Comment la crise a-t-elle été gérée?
Selon PR Daily, qui en a fait la une de sa section Crisisce mercredi, la compagnie Takata, après avoir longtemps refusé le rappel de ses produits, a annoncé aujourd’hui par voie de communiqué qu’elle demandait le rappel de ses produits à travers les fabricants d’automobiles, comme Honda, Nissan et Toyota. La compagnie a déposé le communiqué en format PDF sur son site Web et l’a encadré d’un filet rouge pour insister sur l’importance de la nouvelle.
Malgré son refus de coopérer plus tôt à un rappel à grande échelle, la compagnie a émis plusieurs communiqués rappelant son engagement à la sécurité du public, et a publié plusieurs lettres ouvertes dans les médias américains et allemands, là où la menace de crise semblait plus forte.
Et les médias sociaux?
C’est là où le bât blesse. Takata est une compagnie de type business-to-business (B2B). Ces compagnies ont été plus lentes à se tailler une place dans les médias sociaux. On peut les comprendre : elles sont généralement invisibles au grand public, ne faisant généralement affaire qu’à quelques clients corporatifs. Takata a dû considérer comme publics uniquement ses clients et ses concurrents. On peut voir toute la faiblesse de cette stratégie en situation de crise. Car une recherche nous le confirme : la compagnie Takata n’a pas de présence institutionnelle visible dans les médias sociaux.
Alors que les médias d’information partout dans le monde relaient la nouvelle à toute vitesse, les mots-clic #Takata, #airbag et #recall croissent en popularité. On peut retrouver des pages Facebook datant de plus d’un an réclamant des dédommagements et le rappel des produits. Le monde entier fait publiquement le procès de l’organisation dans les médias sociaux, et celle-ci n’est pas en mesure de se défendre. On dit que les absents ont tort. C’est d’autant plus vrai dans les médias sociaux.
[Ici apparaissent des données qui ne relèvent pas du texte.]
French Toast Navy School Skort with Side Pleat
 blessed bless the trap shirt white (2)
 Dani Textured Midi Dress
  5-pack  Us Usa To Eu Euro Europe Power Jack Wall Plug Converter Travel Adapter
À défaut d’avoir une présence sociale, on aurait pu s’attendre de la part de la compagnie un effort quant à son site Web. À part quelques communiqués de presse (dont le dernier encadré en rouge), le site Web de Takata est inchangé. On retrouve les mêmes images réconfortantes d’enfants à bord de véhicules, les mêmes engagements envers la sécurité du consommateur et les mêmes logos de partenaires. Nul besoin de dire que ces contenus semblent bien inappropriés dans leur nouveau contexte.
Dans la conception du site de l’OMSRP, on a choisi comme texte d’accueil une question formulée par Brian Solis : « Peut-on être antisocial à l’heure des médias sociaux ? » La compagnie de sacs gonflables vient de découvrir que non. Être une compagnie de B2B n’est plus une excuse suffisante. Toutes les compagnies (spécialement celles qui dépendent de la confiance des publics) doivent être présentes pour répondre aux questions et aux préoccupations de leurs clientèles.
La crise Takata a tout ce qu’il faut pour devenir un cas d’étude. Une chose est sûre, on n’a pas fini d’en entendre parler.